[Problem] Copy out the data word for word. The images are not part of the copy.

[Data excerpt]
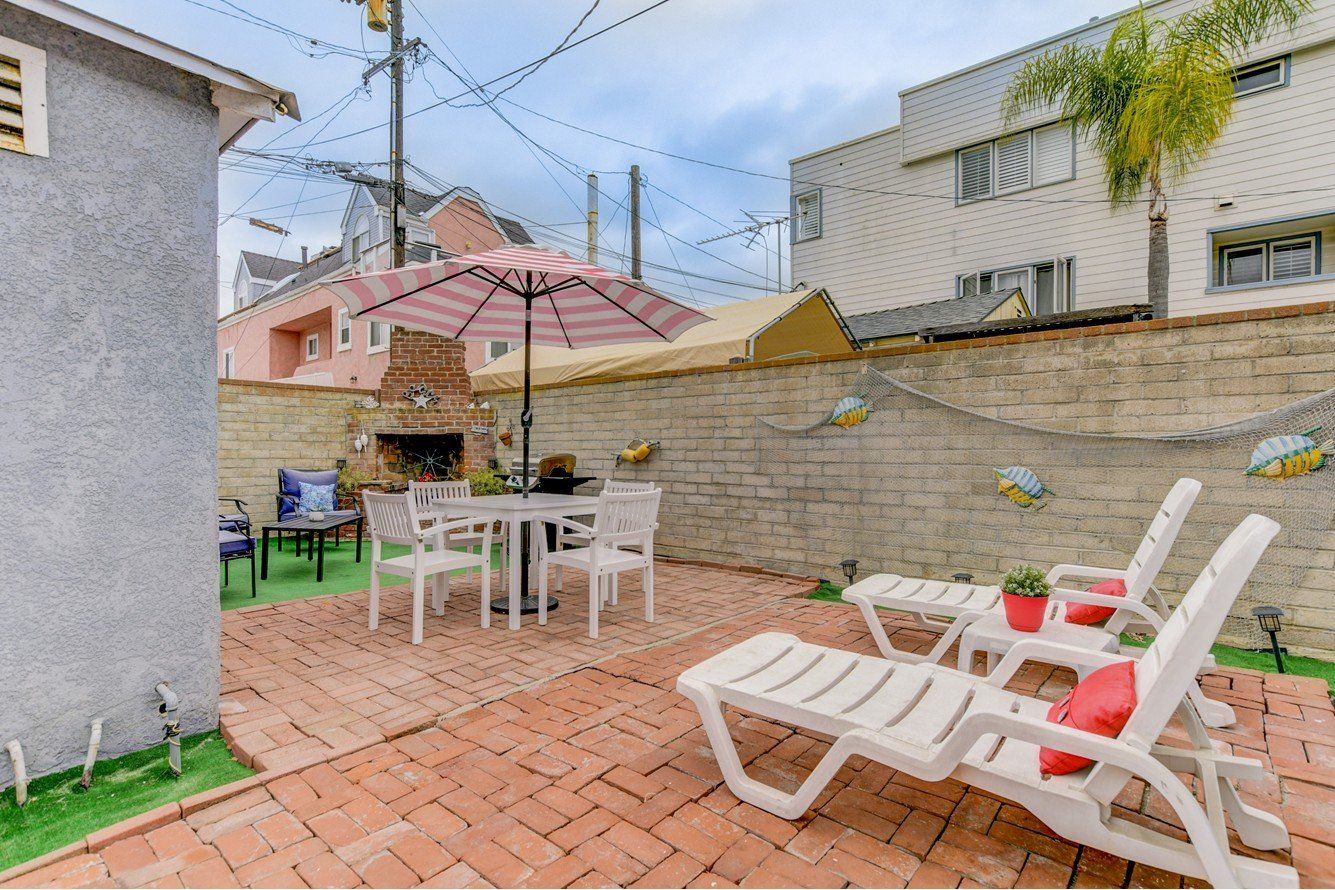 a patio with a table , chairs , umbrella and lounge chairs .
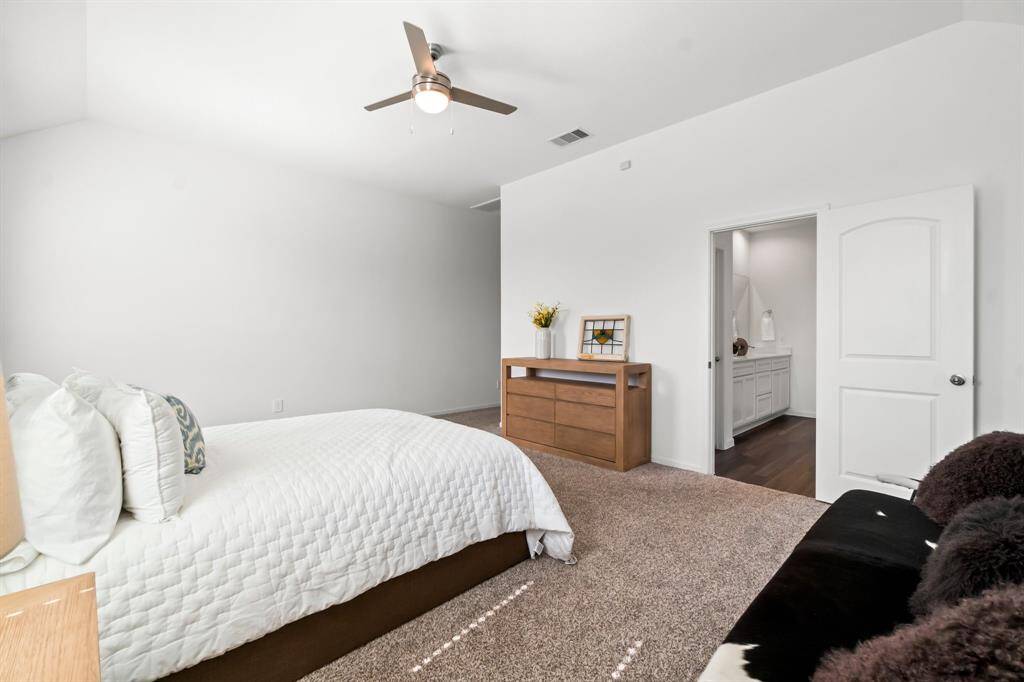Spacious and well-lit primary bedroom with neutral walls, plush carpeting, a modern ceiling fan, and an ensuite bathroom.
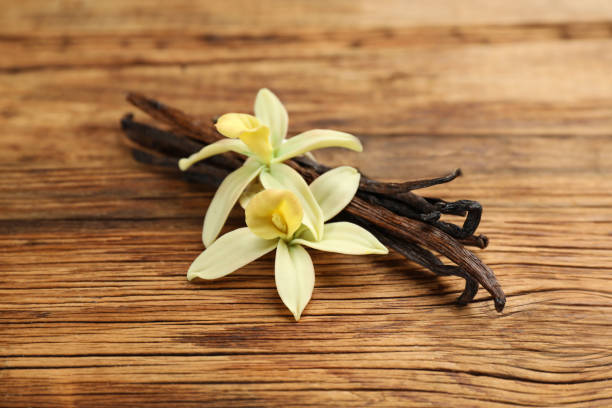 istock Aromatic vanilla sticks and flowers on wooden table, closeup 1322265666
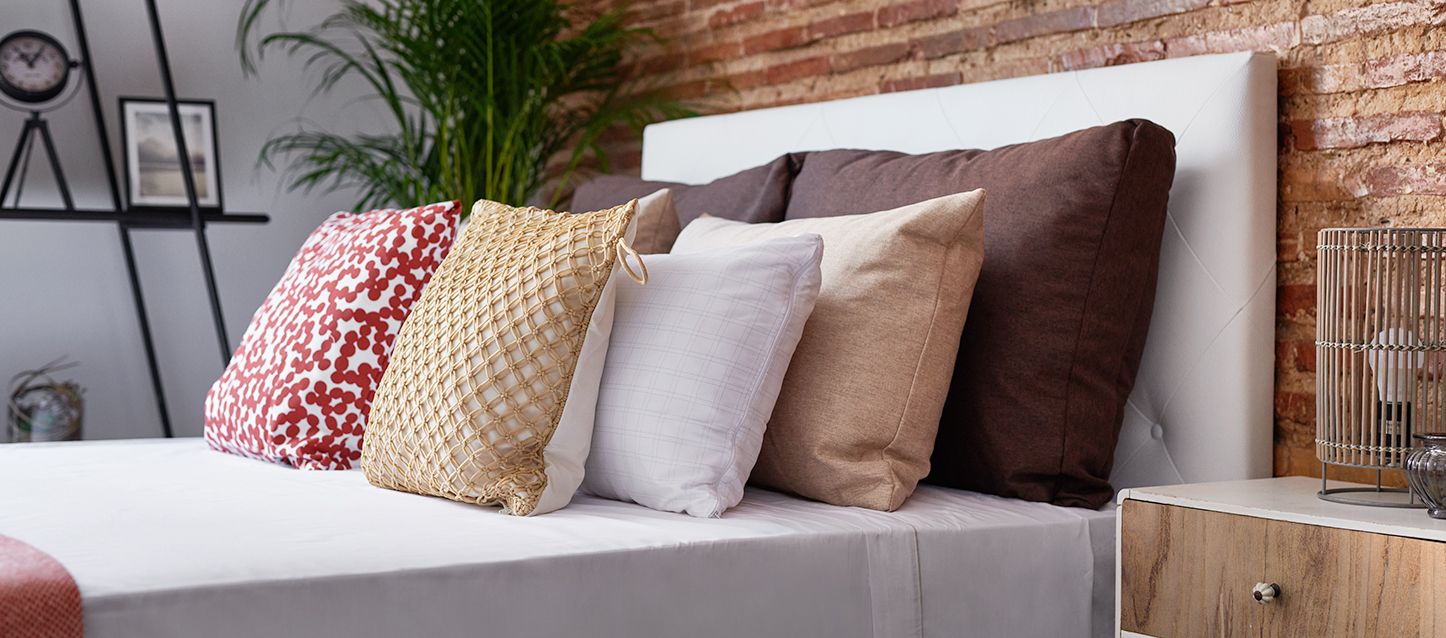 Cabecero de polipiel blanco, 8 cojines de diferentes colores colocadas dos a dos sobre la cama con sábana gris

[Your response]
 a patio with a table , chairs , umbrella and lounge chairs .
Spacious and well-lit primary bedroom with neutral walls, plush carpeting, a modern ceiling fan, and an ensuite bathroom.
 istock Aromatic vanilla sticks and flowers on wooden table, closeup 1322265666
 Cabecero de polipiel blanco, 8 cojines de diferentes colores colocadas dos a dos sobre la cama con sábana gris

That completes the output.